Property Producing Income Consistent with Its Value
Property, other than property that is essential to employment or self-employment, must annually produce income consistent with its fair market value.
Determine if property is producing income consistent with its fair market value, by establishing the prevailing rate of return for similar property in the area. Determine the prevailing rate of return by contacting local realtors, local tax assessors, the Small Business Administration, the Farmers Home Administration, or other similar sources.
If property is not producing income consistent with its fair market value, the property is a nonexempt asset that affects eligibility.
Property Essential to Employment
Property that is exempt as essential to employment or self-employment of a unit member does not have to be producing income consistent with its fair market value.
Example: Farm land is essential to employment as a farmer, so a bad crop year would not affect the property's exempt status.
NOTE: A rental home is not essential to the employment or self-employment of a unit member if some or all of the unit members use the rental home for vacation purposes during the year.

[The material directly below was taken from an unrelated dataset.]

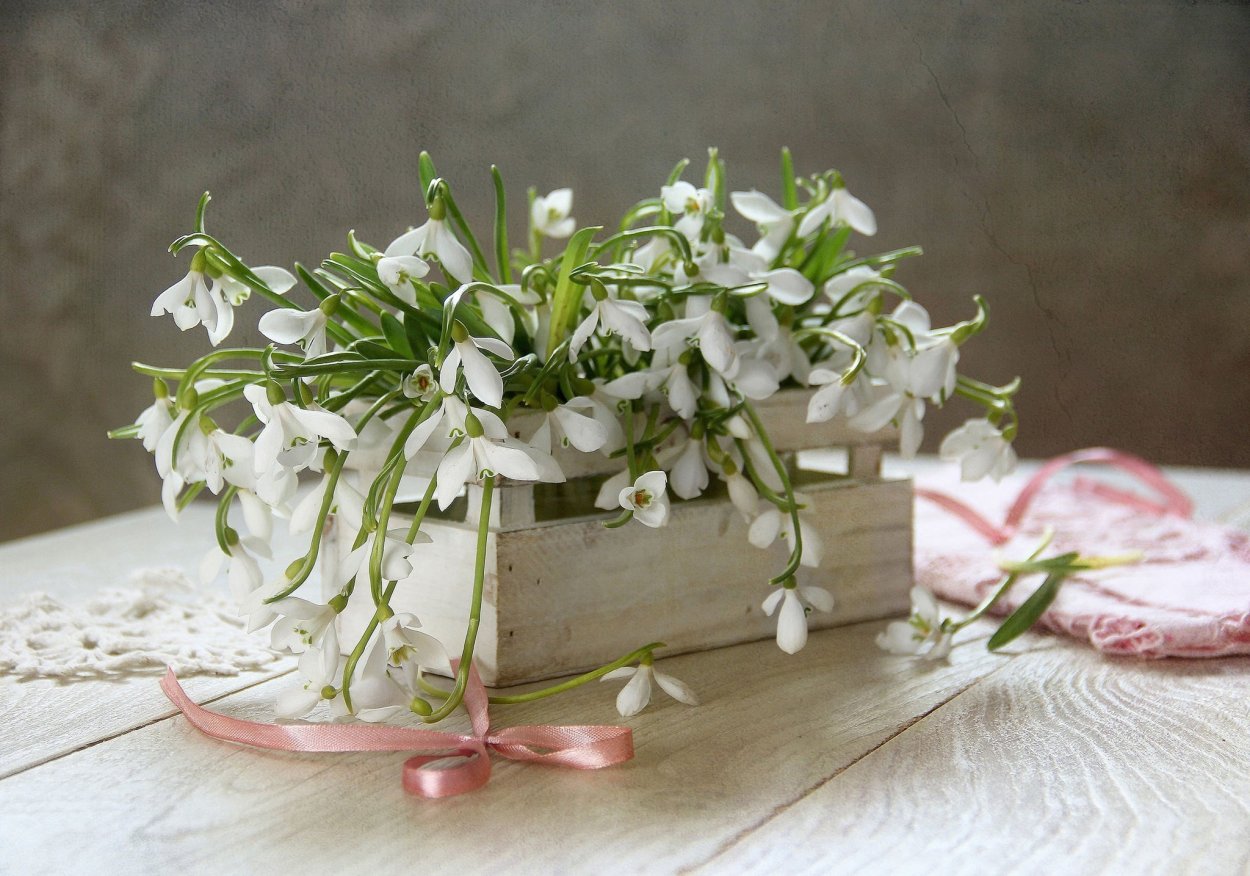 Корзинка с подснежниками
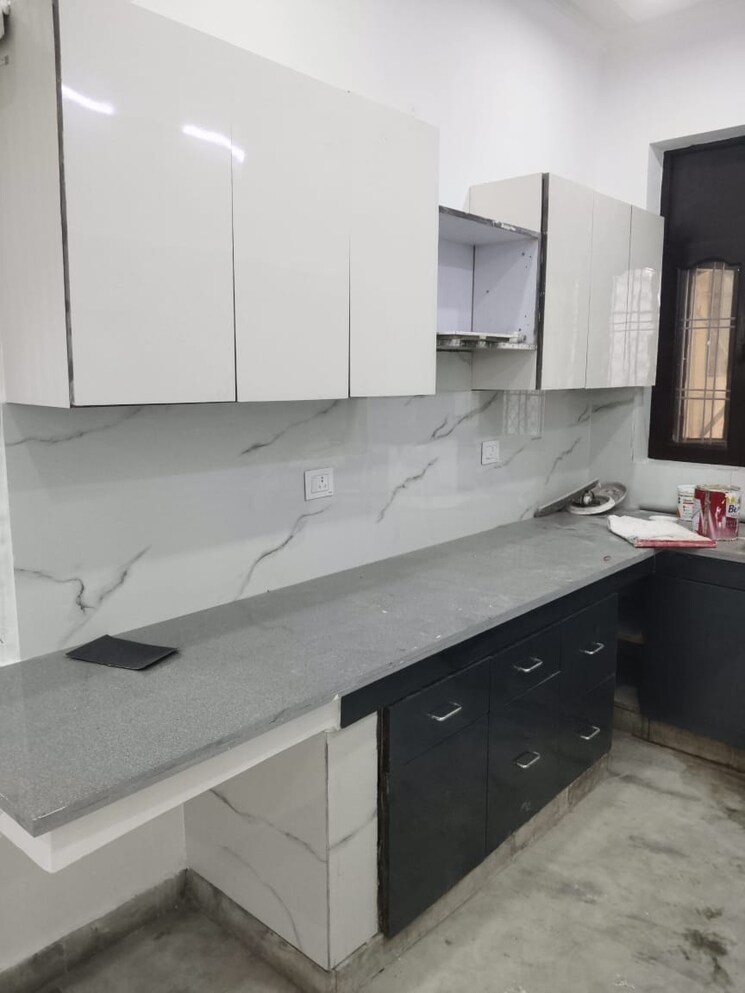 Kitchen, sector 43 3 Bedroom 215 Sq.Yd. Builder Floor In Sector 43 Faridabad 8309119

In this situation the home is only exempt if it is annually producing income consistent with its fair market value.
Property Used for an Exempt Vehicle
A portion of real property determined necessary for maintenance or use of a vehicle used to produce income, or needed to transport a disabled unit member, is exempt.
Example: A SNAP unit that owns a produce truck for selling fruit and vegetables is prohibited from parking the truck in a residential area. The unit owns a 90 acre field and uses a quarter acre of the field to park and service the truck. Exempt the value of the quarter acre.